New car sales in the United States remained stable in May, ending only a slight loss in deliveries of 0.3% and sales of about 1.5 million vehicles.
May’s results were mixed for manufacturers. Producers like Ford, Honda or Nissan ended the month with sales increases, but others such as General Motors (GM), Fiat Chrysler (FCA) and Toyota, posted May in the box of customer losses.
Ford, who last May unexpectedly announced the replacement of its CEO Mark Fields by Jim Hackett to “change the culture” of the company, was one of the manufacturers that achieved the best results.
Sales of the blue oval brand rose 2.2% over the same month in 2016 and stood at 241,126 vehicles in May in the United States, thanks to the increase in deliveries of vans and vehicles for rental companies.
Ford explained that truck sales were 99,237 units, up 9.4% from May 2015, while SUVs also rose 4.3% to 81,324 vehicles.

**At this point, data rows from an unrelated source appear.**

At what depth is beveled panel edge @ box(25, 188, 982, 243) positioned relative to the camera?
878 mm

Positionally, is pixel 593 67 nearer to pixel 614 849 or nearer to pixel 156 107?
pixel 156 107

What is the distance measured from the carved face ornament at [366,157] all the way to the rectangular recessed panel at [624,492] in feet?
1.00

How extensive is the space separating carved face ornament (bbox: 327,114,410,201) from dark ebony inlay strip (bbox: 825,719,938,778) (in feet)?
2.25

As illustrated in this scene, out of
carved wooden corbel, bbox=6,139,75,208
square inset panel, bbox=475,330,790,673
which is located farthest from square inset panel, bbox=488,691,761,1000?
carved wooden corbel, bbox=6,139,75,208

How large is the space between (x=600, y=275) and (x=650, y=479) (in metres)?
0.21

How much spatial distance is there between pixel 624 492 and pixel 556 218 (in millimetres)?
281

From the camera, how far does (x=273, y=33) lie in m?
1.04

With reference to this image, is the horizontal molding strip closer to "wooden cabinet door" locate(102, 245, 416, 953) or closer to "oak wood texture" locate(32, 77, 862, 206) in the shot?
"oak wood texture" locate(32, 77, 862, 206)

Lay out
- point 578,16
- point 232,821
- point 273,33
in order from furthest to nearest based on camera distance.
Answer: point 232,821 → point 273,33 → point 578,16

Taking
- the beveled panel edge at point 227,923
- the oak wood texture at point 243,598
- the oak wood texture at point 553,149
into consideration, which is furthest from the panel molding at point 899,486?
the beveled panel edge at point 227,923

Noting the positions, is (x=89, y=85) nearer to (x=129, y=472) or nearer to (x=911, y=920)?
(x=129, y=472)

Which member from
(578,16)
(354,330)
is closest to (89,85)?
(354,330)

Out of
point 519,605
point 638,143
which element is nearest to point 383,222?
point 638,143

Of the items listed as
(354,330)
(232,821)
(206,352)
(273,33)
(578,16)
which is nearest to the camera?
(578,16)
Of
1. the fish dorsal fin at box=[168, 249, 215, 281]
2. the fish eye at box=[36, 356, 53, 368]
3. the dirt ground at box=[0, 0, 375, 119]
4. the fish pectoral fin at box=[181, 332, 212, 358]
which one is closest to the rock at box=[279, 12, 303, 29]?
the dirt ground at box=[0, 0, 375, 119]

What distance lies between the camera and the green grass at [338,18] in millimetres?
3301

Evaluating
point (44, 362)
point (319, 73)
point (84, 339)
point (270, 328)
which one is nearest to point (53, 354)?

However, car sales fell 10% to 60,565 units.
And, while car fleet deliveries grew 8.4% to 82,444 units, sales to individuals decreased by 0.8% to 158,282 vehicles.
Mark LaNeve, Ford’s vice president for sales in the United States, said in a statement that “May was an outstanding month for Ford SUVs with a record sales of 74,910 units.”
“In addition, we continue to have strong results from the F Series, with this year’s increase in sales and market share,” LaNeve added.
But apart from Ford, the rest of the top four auto makers in the United States lost consumers in May.
GM, the country’s leading automaker, cut its sales by 1.3% with delivery of 237,364 vehicles; FCA lost 1%, with the sale of 193,040 vehicles; And Toyota limited their losses to 0.5%, with delivery of 218,248 vehicles.
Despite the month’s losses, GM was optimistic about the market outlook.
Kurt McNeil, GM’s vice president of US sales, said, “As the industry tilts more toward SUVs, we are well positioned to take advantage of this dynamic.”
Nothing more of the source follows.